→ **Supplied data**:
::::
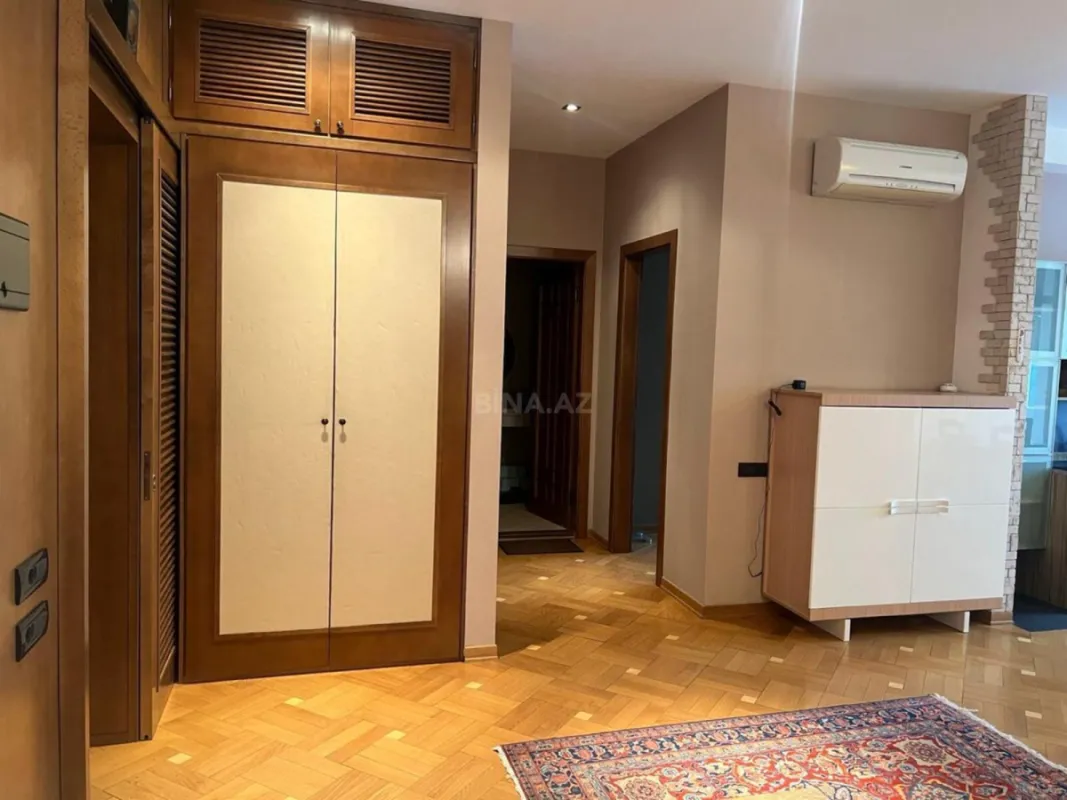 Kirayə verilir 3 otaqlı mənzil 117 m²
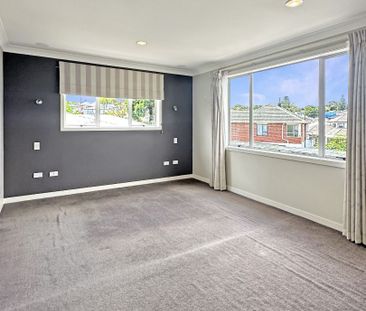 Spacious Home in Three Kings - Photo 5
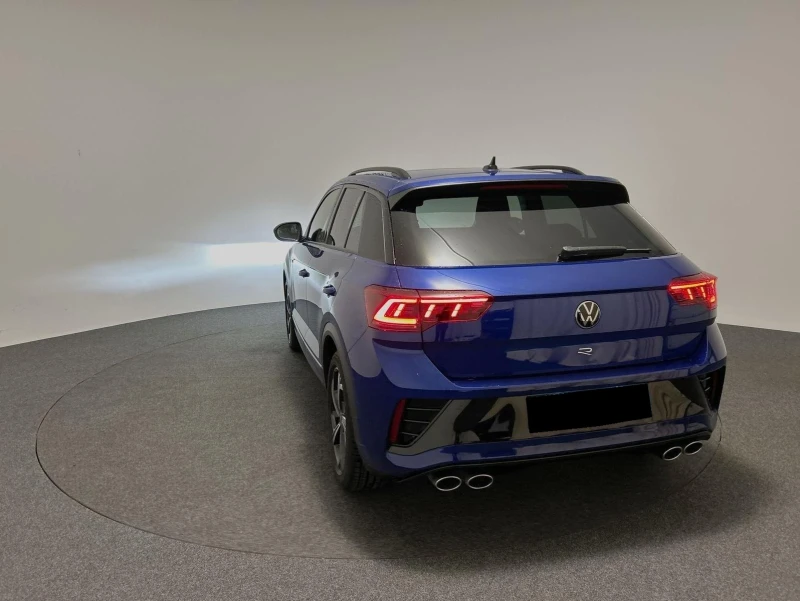 VW T-Roc R* 4M* DSG* PANO* DISTR* KEYLESS* CARPLAY* LED* , снимка 4 - Автомобили и джипове - 52444919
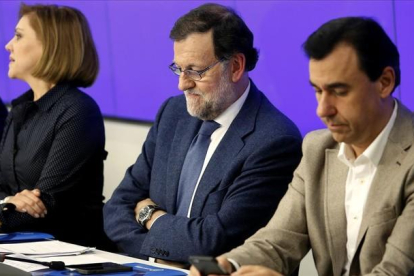 El presidente del PP, Mariano Rajoy, junto a Dolores de Cospedal y Fernando Maíllo en una reciente reunión del PP.-JUAN MANUEL PRATS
::::
→ **Task**: What's needed is a word-for-word retyping of the listing, minus its pictures.

→ **Solution to the exercise**:
 Kirayə verilir 3 otaqlı mənzil 117 m²
 Spacious Home in Three Kings - Photo 5
 VW T-Roc R* 4M* DSG* PANO* DISTR* KEYLESS* CARPLAY* LED* , снимка 4 - Автомобили и джипове - 52444919
 El presidente del PP, Mariano Rajoy, junto a Dolores de Cospedal y Fernando Maíllo en una reciente reunión del PP.-JUAN MANUEL PRATS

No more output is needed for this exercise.